The idea for this conversation came up last autumn. At the time, as I was writing my MA thesis on the philosophy of Jacques Rancière, I was very preoccupied with working out how everyday objects become works of art, and how new structures of sensible are generated at the surface of the common form-sign sphere. Eglė was simultaneously trying to find the third variable in the formula of her doctoral project: a find (pre-painting plane) à a clue/trace (painting plane) à a symptom (post-painting plane). Today, the painter Eglė Ulčickaitė has PhD degree from Vilnius Academy of Arts, her final work entitled ‘Parallel Card Catalogue’ (Paralelinė kartoteka) was accompanied by the exhibition with the same title and shown at Titanic, the VAA exhibition hall from 25 October to 3 November 2018. During our conversation, as we scrutinise the efficacy of the creative process, Eglė remarks that that is exactly what makes the process seem banal. But what detective investigation can be carried out without a magnifying glass, or deviations and returns to course?

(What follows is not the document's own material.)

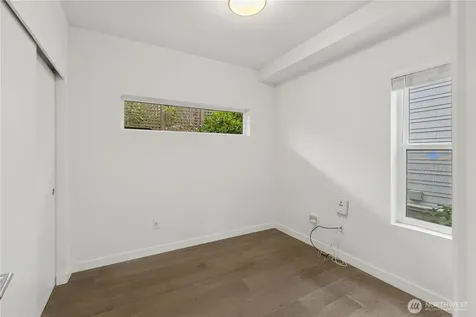 1017 W Crockett Street Seattle WA 98119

Karolina Rybačiauskaitė (KR): To be perfectly honest, I’ve only prepared one question for this interview. I have a quote from the philosopher Jacques Rancière, which I would be very interested in discussing with you. But before that, I’d like to make sure I have the right idea about what the creation of art means to you. When you write about the process, you state that creative research has a lot in common with detective investigation, and yet it differs in that the creative observation only generates a hypothesis, and does not confirm or discard one. On the other hand, you say that while painting, you create facts, “products of the consciousness.” Don’t these two paths of thinking cross? What would you say is the relation between a fact and a hypothesis? The creation of a fact: what is that, for you, in general?

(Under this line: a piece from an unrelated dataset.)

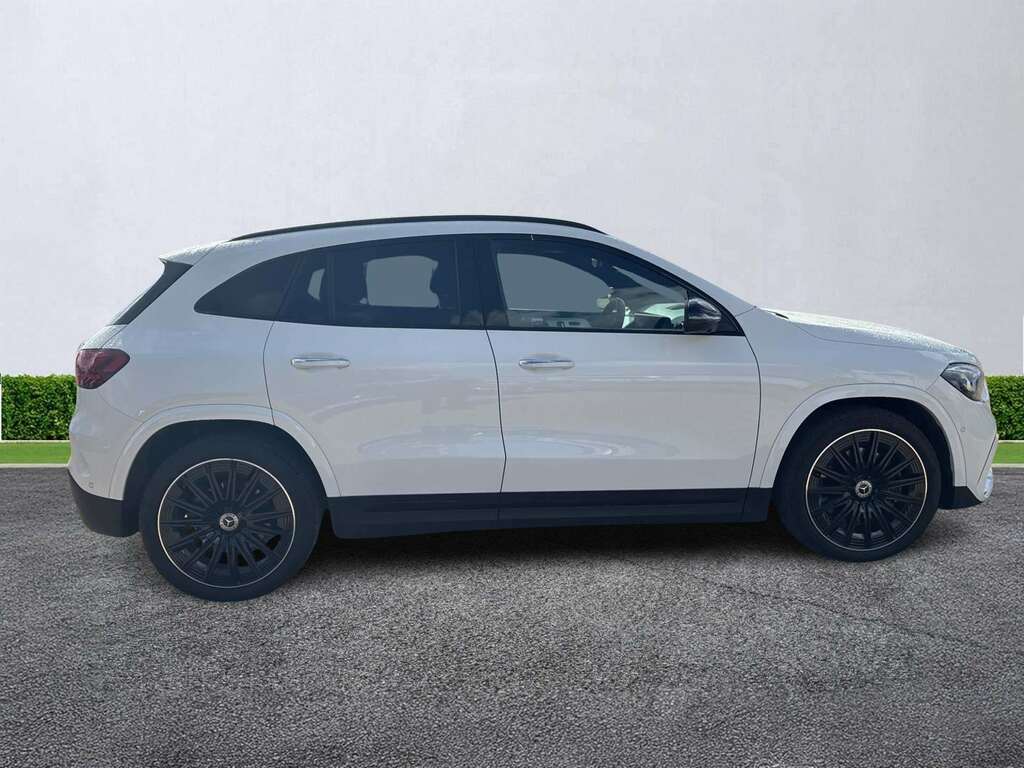 Mercedes-Benz GLA Class Gla 220D 4Matic Amg Line Premium Plus KO25UKU White #3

Eglė Ulčickaitė (EU): I suppose I should start by pointing out that the idea for my project originates from situation of paradox – the union of faith and doubt. In this case, it can also mean an intersection, not only of contrary states or experiences, but also of different ways of thinking. As a source of knowing, art generates knowledge, not only by using and filtering reality, but by adding meanings to it, for instance, by conjoining seemingly contrary things. Within my art project, I explored the means of perceiving time by applying analogies from different disciplines, linking them by associative principle characteristic to creative thinking. In my artistic practice, I’m trying to find a relation between distinct images; and the same goes for writing, since one of my main goals has been to telescope, or even to ‘cosy up’ verbal and visual languages not by translating one into another, but by finding equivalents instead.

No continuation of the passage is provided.